Problem details: Only one stretch of the data below is needed: the line with "해킹 사건이 암호화폐 시장에 미친 영향" through the last line. Output it exactly and drop the pictures.

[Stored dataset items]
★ ★ ★

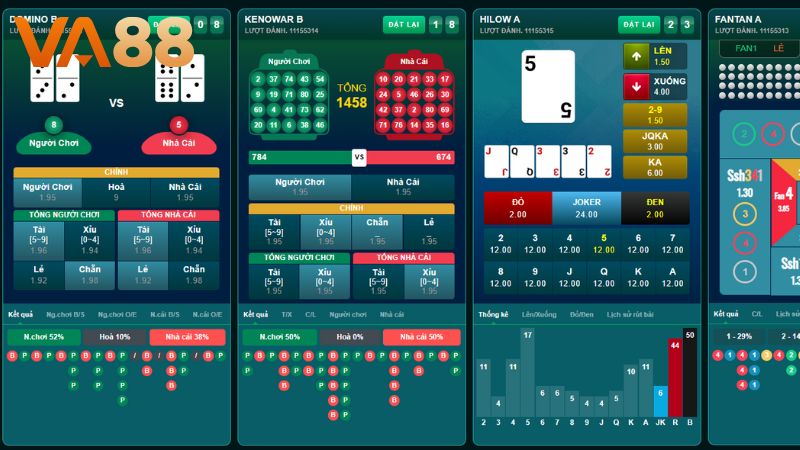 Luật chơi Quay số 5 tại nhà cái VA88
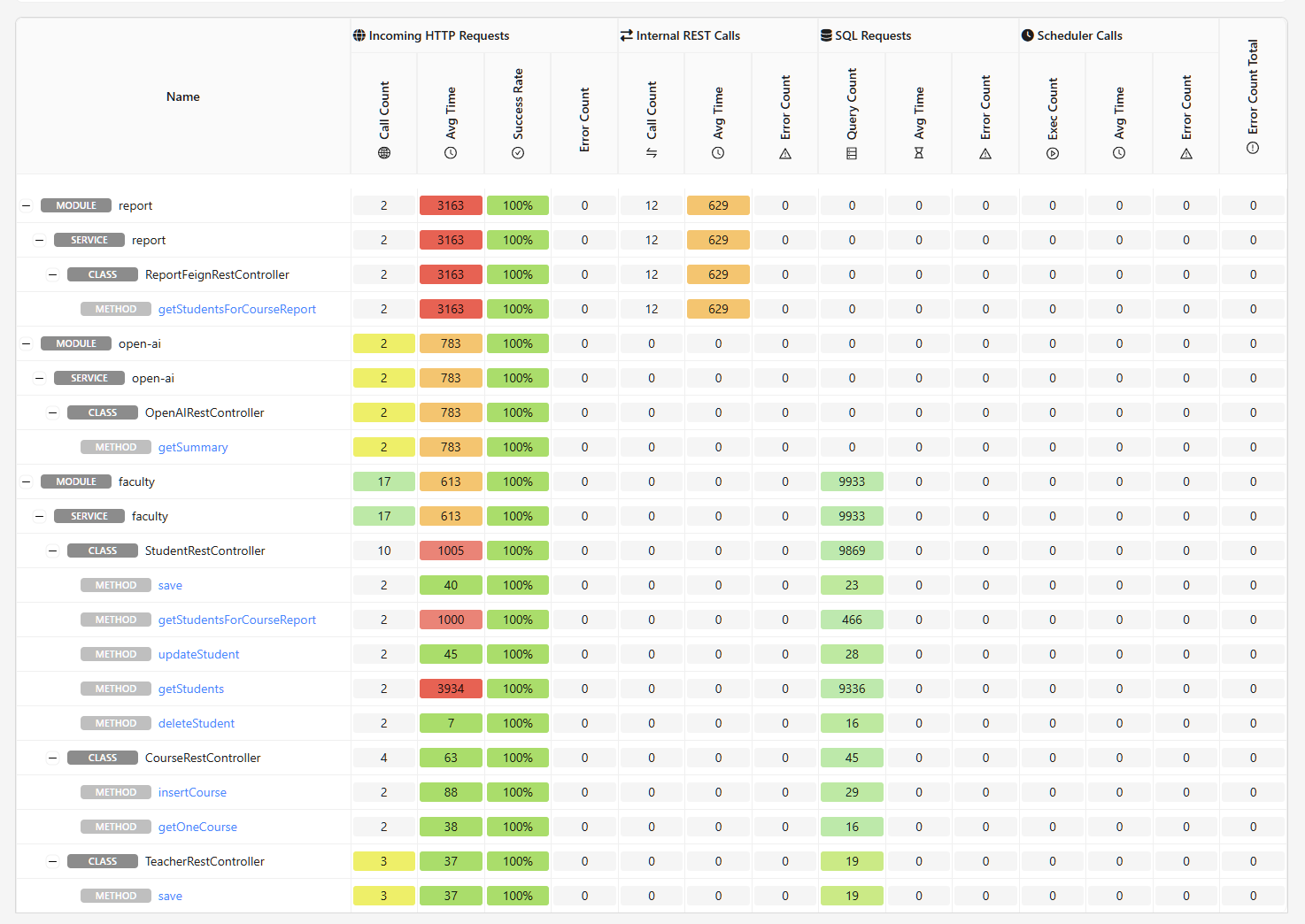 HeatMap Dashboard showing performance metrics across different components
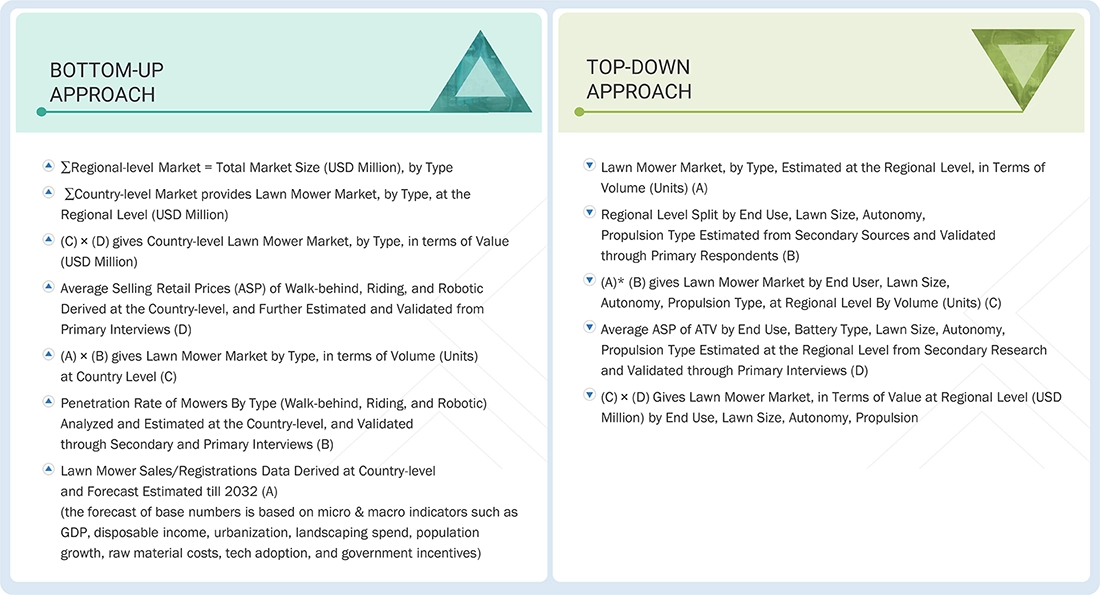 Lawn Mower Market Top Down and Bottom Up Approach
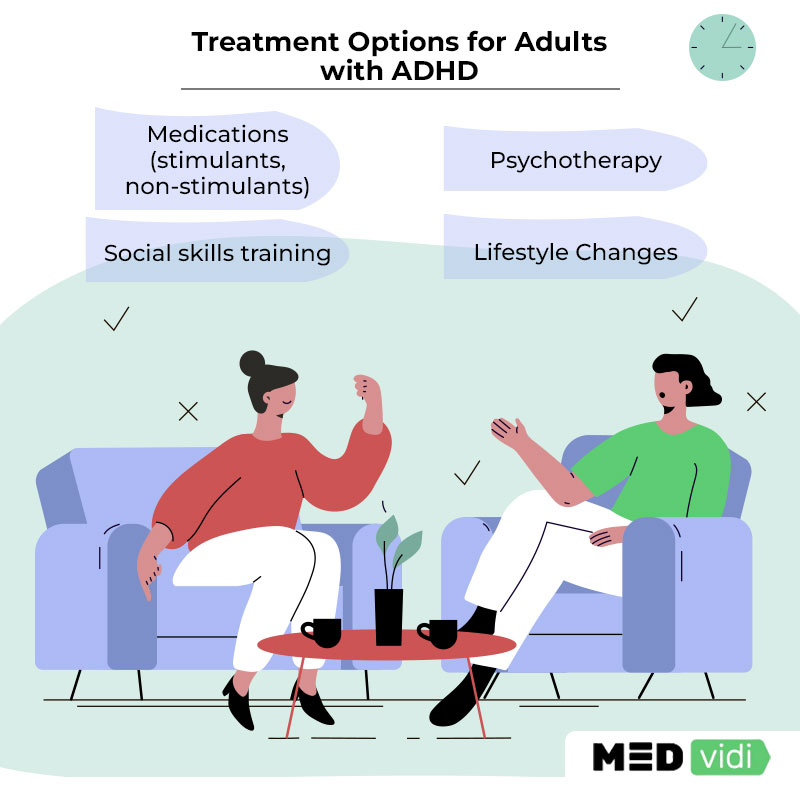 Treatment for ADHD adults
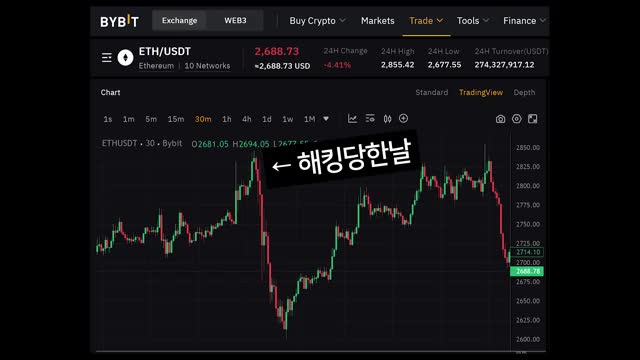 해킹 사건이 암호화폐 시장에 미친 영향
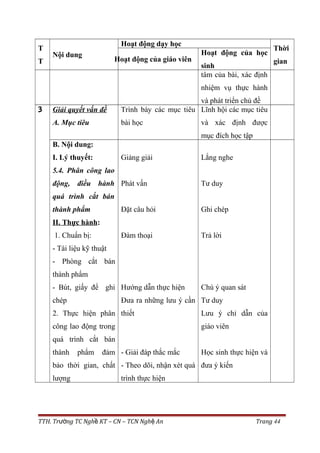 T
T
Nội dung
Hoạt động dạy học
Thời
gianHoạt động của giáo viên
Hoạt động của học
sinh
tâm của bài, xác định
nhiệm vụ thực hành
và phát triển chủ đề
3 Giải quyết vấn đề
A. Mục tiêu
Trình bày các mục tiêu
bài học
Lĩnh hội các mục tiêu
và xác định được
mục đích học tập
B. Nội dung:
I. Lý thuyết:
5.4. Phân công lao
động, điều hành
quá trình cắt bán
thành phẩm
II. Thực hành:
1. Chuẩn bị:
- Tài liệu kỹ thuật
- Phòng cắt bán
thành phẩm
- Bút, giấy để ghi
chép
2. Thực hiện phân
công lao động trong
quá trình cắt bán
thành phẩm đảm
bảo thời gian, chất
lượng
Giảng giải
Phát vấn
Đặt câu hỏi
Đàm thoại
Hướng dẫn thực hiện
Đưa ra những lưu ý cần
thiết
- Giải đáp thắc mắc
- Theo dõi, nhận xét quá
trình thực hiện
Lắng nghe
Tư duy
Ghi chép
Trả lời
Chú ý quan sát
Tư duy
Lưu ý chỉ dẫn của
giáo viên
Học sinh thực hiện và
đưa ý kiến
TTH. Tr ng TC Ngh KT – CN – TCN Ngh Anườ ề ệ Trang 44
 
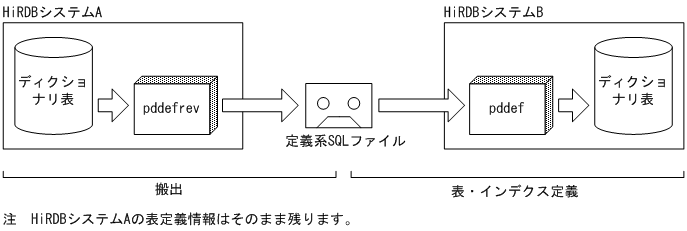 [図データ]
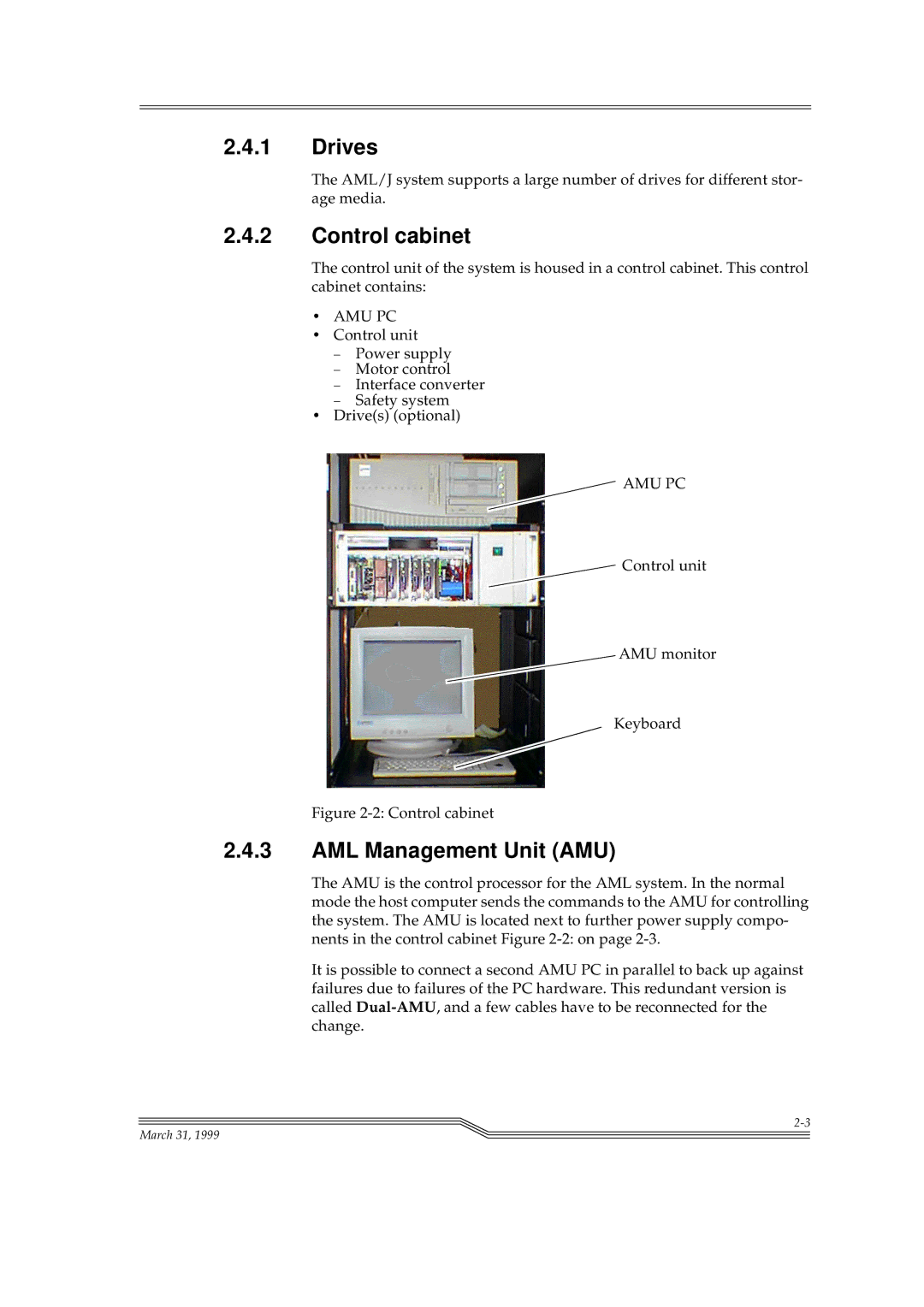 ADIC Switches manual Drives, Control cabinet, AML Management Unit AMU 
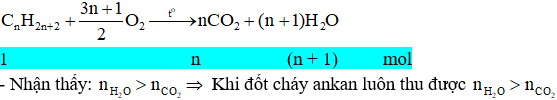 Công thức tính khí đốt cháy ankan hay nhất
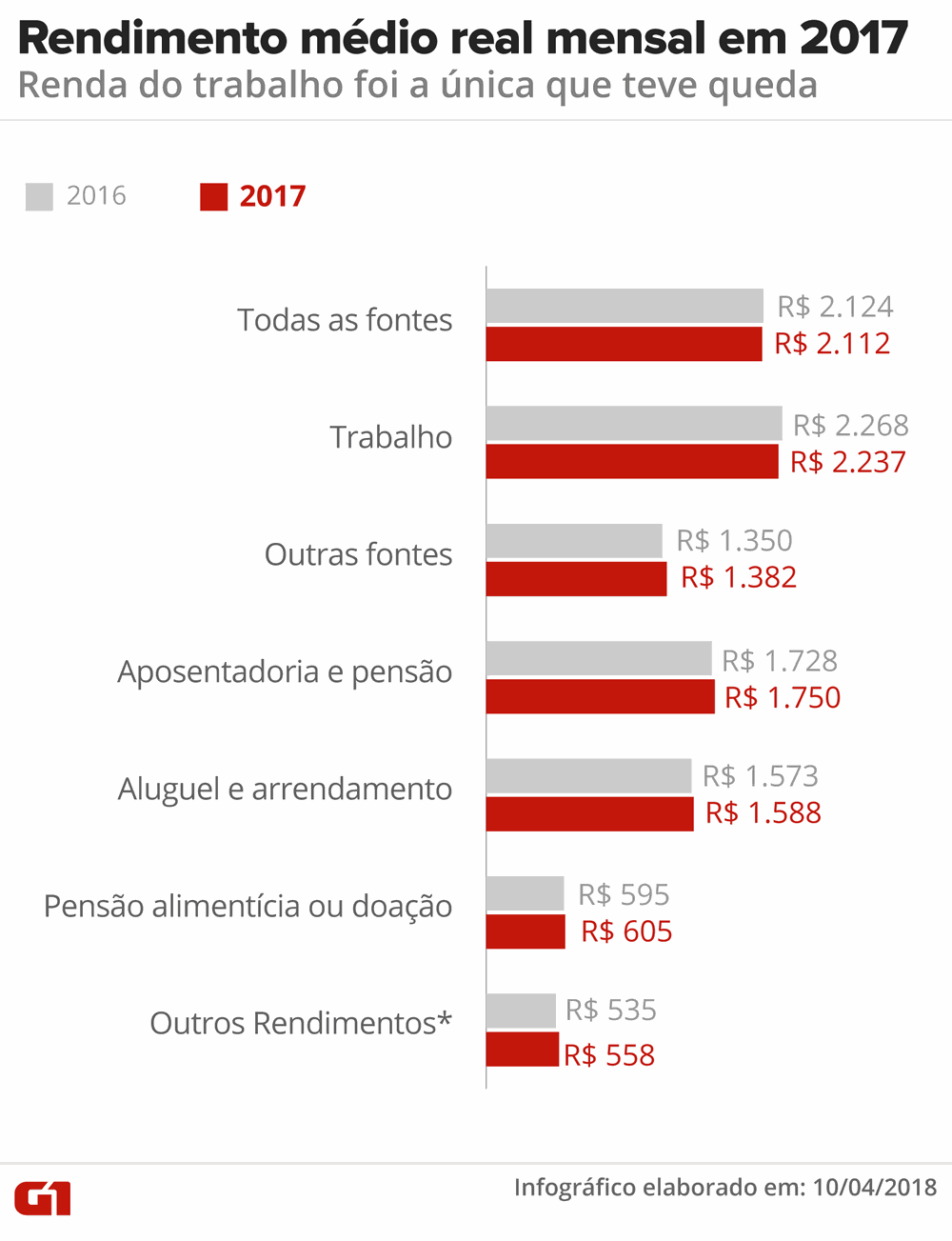 Rendimento médio mensal do brasileiro em 2017 (Foto: Ilustração: Roberta Jaworski/G1)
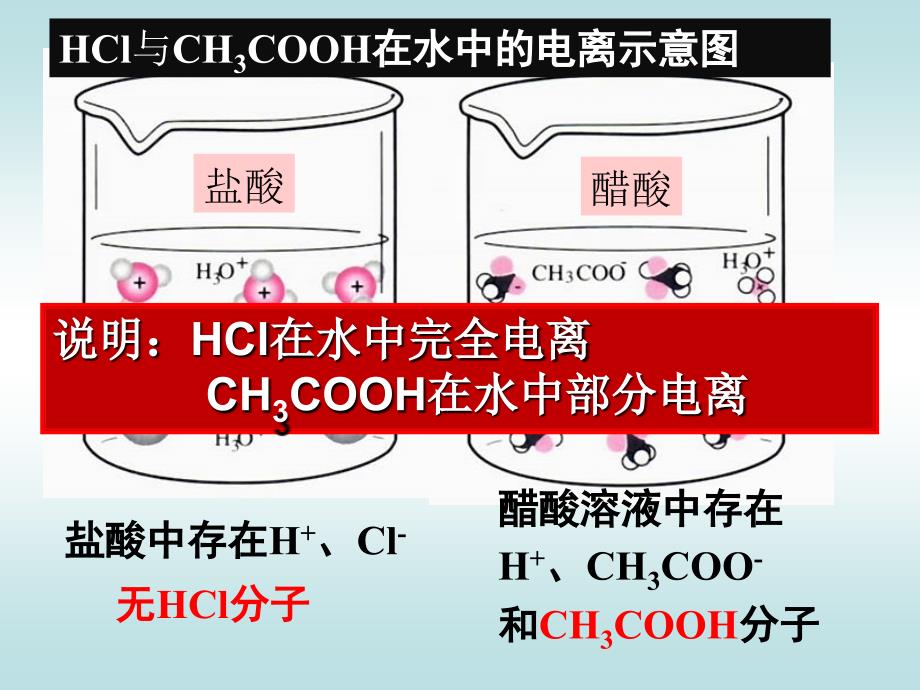 弱电解质的电离公开课备课讲稿_第4页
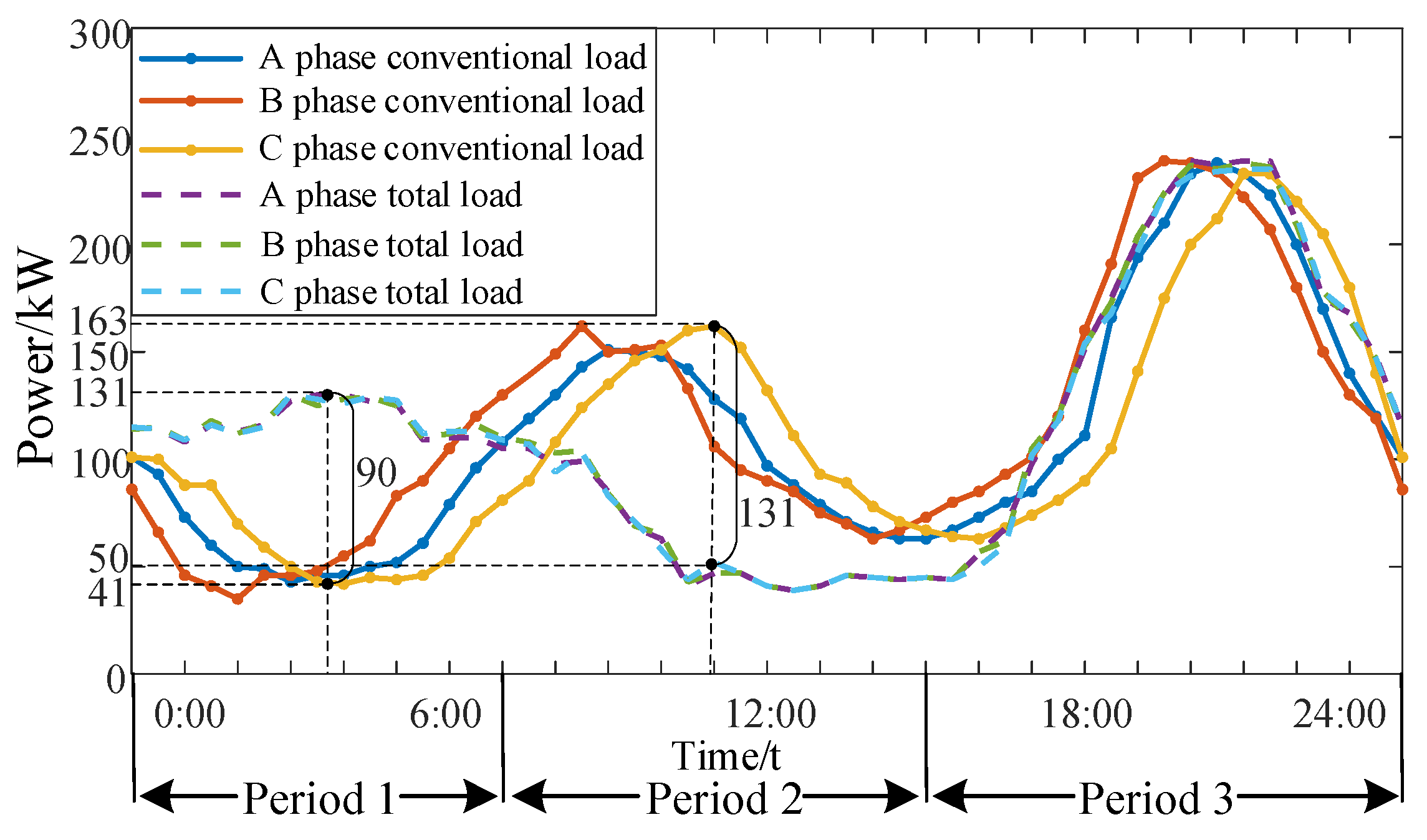 Applsci 12 00063 g009 550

★ ★ ★

Your solution:
 해킹 사건이 암호화폐 시장에 미친 영향
 T
T
Nội dung
Hoạt động dạy học
Thời
gianHoạt động của giáo viên
Hoạt động của học
sinh
tâm của bài, xác định
nhiệm vụ thực hành
và phát triển chủ đề
3 Giải quyết vấn đề
A. Mục tiêu
Trình bày các mục tiêu
bài học
Lĩnh hội các mục tiêu
và xác định được
mục đích học tập
B. Nội dung:
I. Lý thuyết:
5.4. Phân công lao
động, điều hành
quá trình cắt bán
thành phẩm
II. Thực hành:
1. Chuẩn bị:
- Tài liệu kỹ thuật
- Phòng cắt bán
thành phẩm
- Bút, giấy để ghi
chép
2. Thực hiện phân
công lao động trong
quá trình cắt bán
thành phẩm đảm
bảo thời gian, chất
lượng
Giảng giải
Phát vấn
Đặt câu hỏi
Đàm thoại
Hướng dẫn thực hiện
Đưa ra những lưu ý cần
thiết
- Giải đáp thắc mắc
- Theo dõi, nhận xét quá
trình thực hiện
Lắng nghe
Tư duy
Ghi chép
Trả lời
Chú ý quan sát
Tư duy
Lưu ý chỉ dẫn của
giáo viên
Học sinh thực hiện và
đưa ý kiến
TTH. Tr ng TC Ngh KT – CN – TCN Ngh Anườ ề ệ Trang 44
 
 [図データ]
 ADIC Switches manual Drives, Control cabinet, AML Management Unit AMU 
 Công thức tính khí đốt cháy ankan hay nhất
 Rendimento médio mensal do brasileiro em 2017 (Foto: Ilustração: Roberta Jaworski/G1)
 弱电解质的电离公开课备课讲稿_第4页
 Applsci 12 00063 g009 550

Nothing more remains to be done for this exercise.